EXERCISE DATA |
- - -

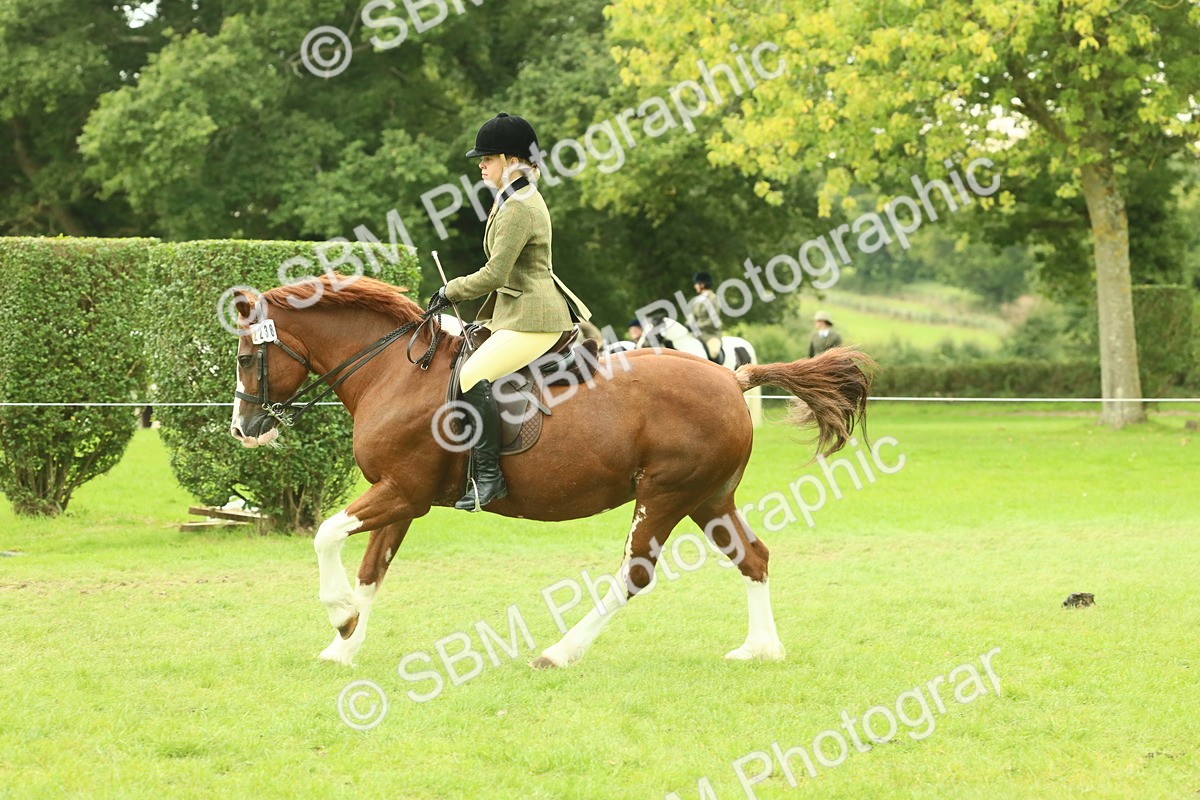 SBM_72116 - S60 - Mountain & Moorland Ridden Large Breeds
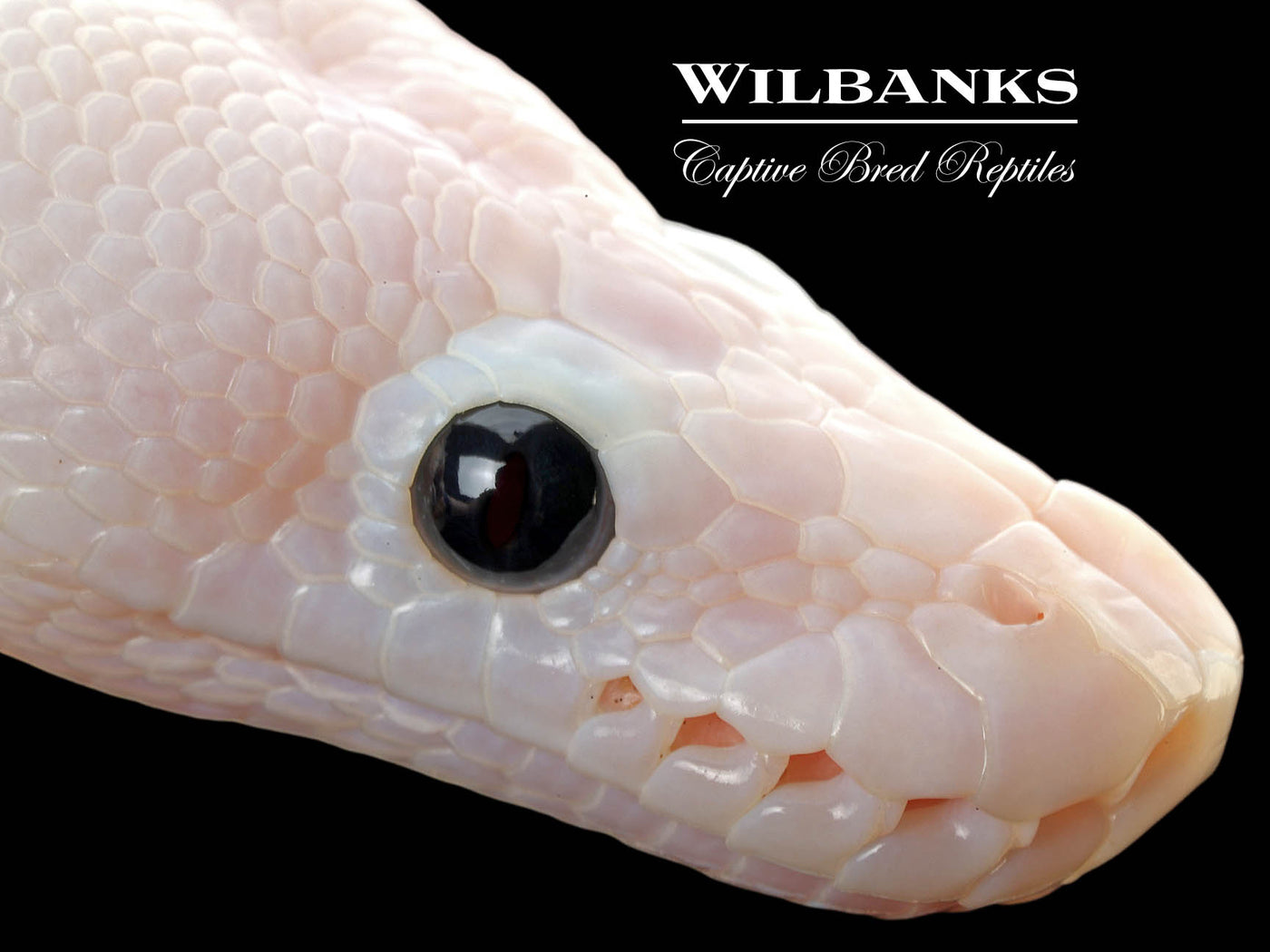 Super Fire Ball Python ♀ '25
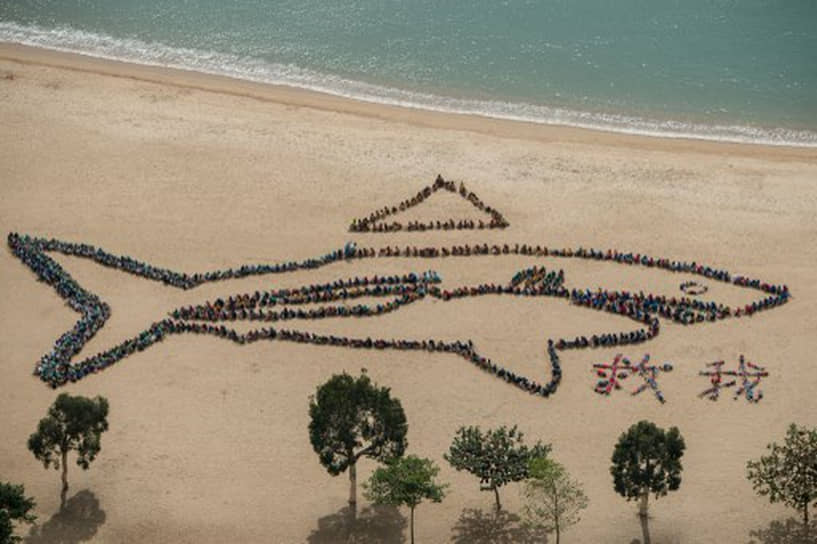 Детский день океана в Гонконге, 2013 год. Дети выстроились на пляже, образуя силуэт акулы с отрезанным плавником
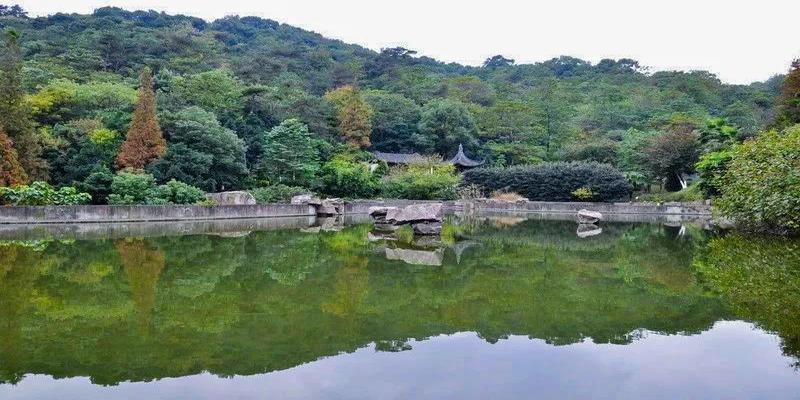 房子朝向东南方向好不好风水(一山一湖一园尽得温州精华)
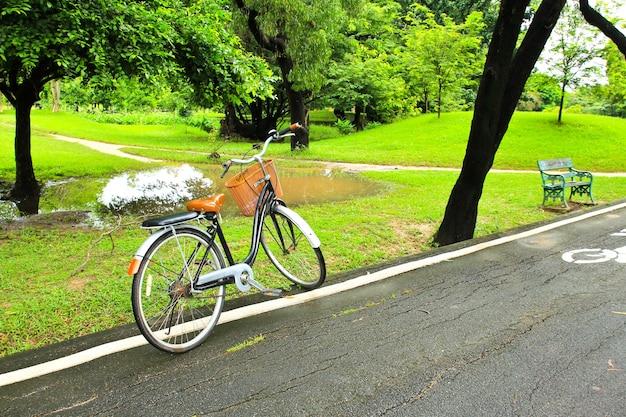 De fiets op pad van park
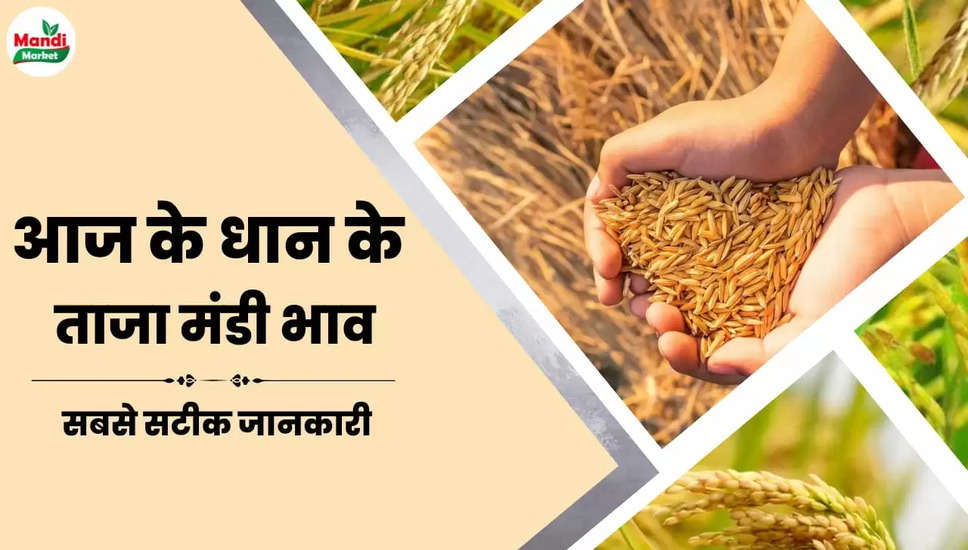 बासमती धान और चावल के ताजा भाव | Basmati Paddy And Rice Rate Today 25 March 2023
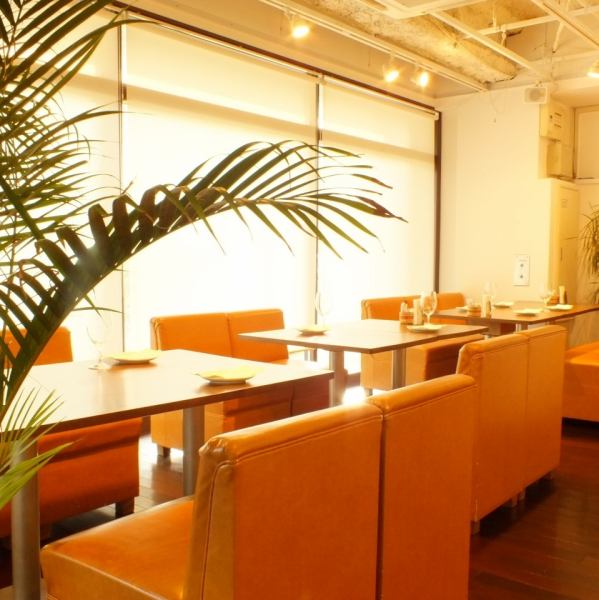 The store is filled with refreshing sunlight and has a calm atmosphere that will make you want to stay forever.We also perform live shows in our cozy interior!! We can accommodate all your needs such as dates, birthdays/anniversaries, banquets, private parties, wedding after-parties, etc.♪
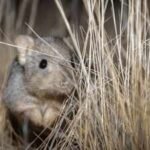 Australia brought digging mammals back to an 8,000-hectare sanctuary; 8 years later, scientists found they had reshaped underground insect communities |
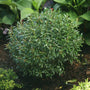 Gem Box Inkberry Holly with a lush dense habit in a landscape.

- - -

EXERCISE |
In the listing above, find the line with "Super Fire Ball Python ♀ '25" and the line with "बासमती धान और". Copy both of them and every line between, exactly, but not the pictures.

WRITTEN SOLUTION |
 Super Fire Ball Python ♀ '25
 Детский день океана в Гонконге, 2013 год. Дети выстроились на пляже, образуя силуэт акулы с отрезанным плавником
 房子朝向东南方向好不好风水(一山一湖一园尽得温州精华)
 De fiets op pad van park
 बासमती धान और चावल के ताजा भाव | Basmati Paddy And Rice Rate Today 25 March 2023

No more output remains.